This gas scrubbing is carried out as a rule under standard pressure. In exceptional cases, however, the process can also be operated under overpressure of up to 3 or 4 bars subject to a maximum of 6 bars. At a higher pressure a larger amount of carbon dioxide—up to three times as much at 3 bars—is dissolved in the scrubbing solution. The amount of scrubbing solution required can therefore be reduced by a factor of three and the scrubbing column can be of smaller dimensions because of the smaller gas volume. All conventional compressed gas scrubbing methods require a pressure of over 6 bars in order to produce methane concentrations of over 96% by volume economically. However, a higher pressure leads to significantly higher energy consumption because the system must be subsequently decompressed again. Moreover, higher methane losses occur.
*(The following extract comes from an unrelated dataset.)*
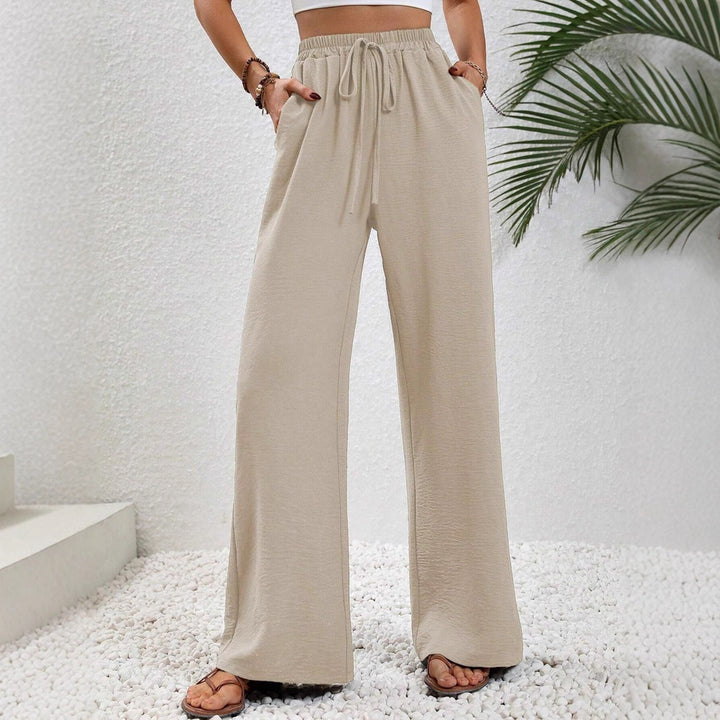 Casual palazzo pants for women with elastic waistband and practical pockets Lune London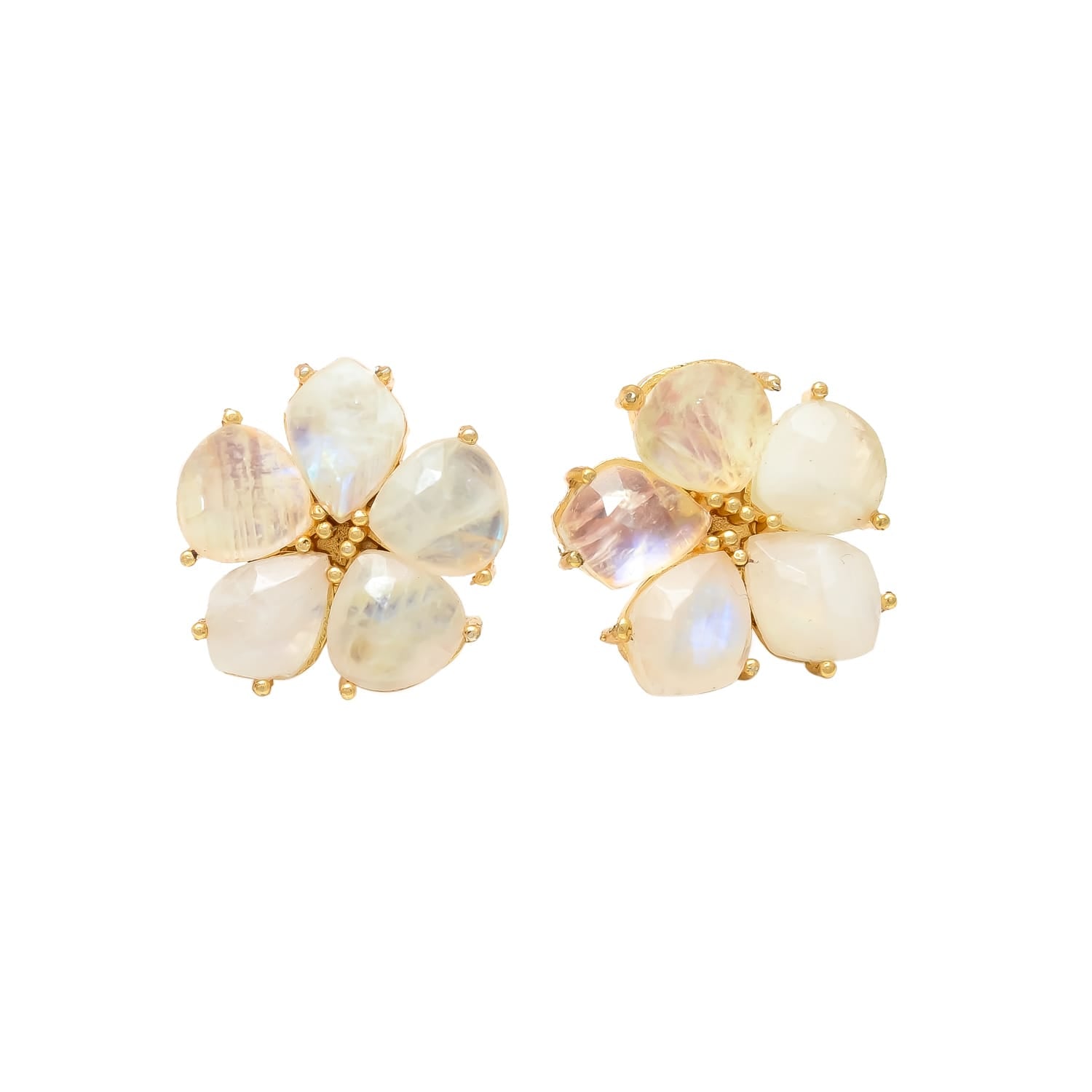 MACA, Aretes con piedras naturales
The two purifying steps described below which are carried out by means of stripping columns are vital to ensure that the method is successfully carried out. The contaminated scrubbing solution drawn off from the scrubbing stage is purified in a first stripping column with packed bed or packing under standard pressure on the counterflow principle at temperatures of up to 80° C. with stripping air, stripping air and oxygen or stripping air and carbon dioxide fed in either singly or in combination at amounts varying between 0.1 to 20% based on the amount of gas fed in, with the methane almost completely removed (at least 90%) from the scrubbing solution in which it was dissolved. An oxygenic stripping gas of fuel gas quality is formed in this process as an exhaust gas with the addition of air or oxygen to the scrubbing solution.
The addition of carbon dioxide, preferably obtained from the raw gas, eliminates the need to feed in a carrier gas.
The waste gas formed in the second purifying step can either be returned to the digester of the biogas plant or fed to the methane gas stream removed from the scrubbing stage to enrich the methane content or utilized as a fuel gas.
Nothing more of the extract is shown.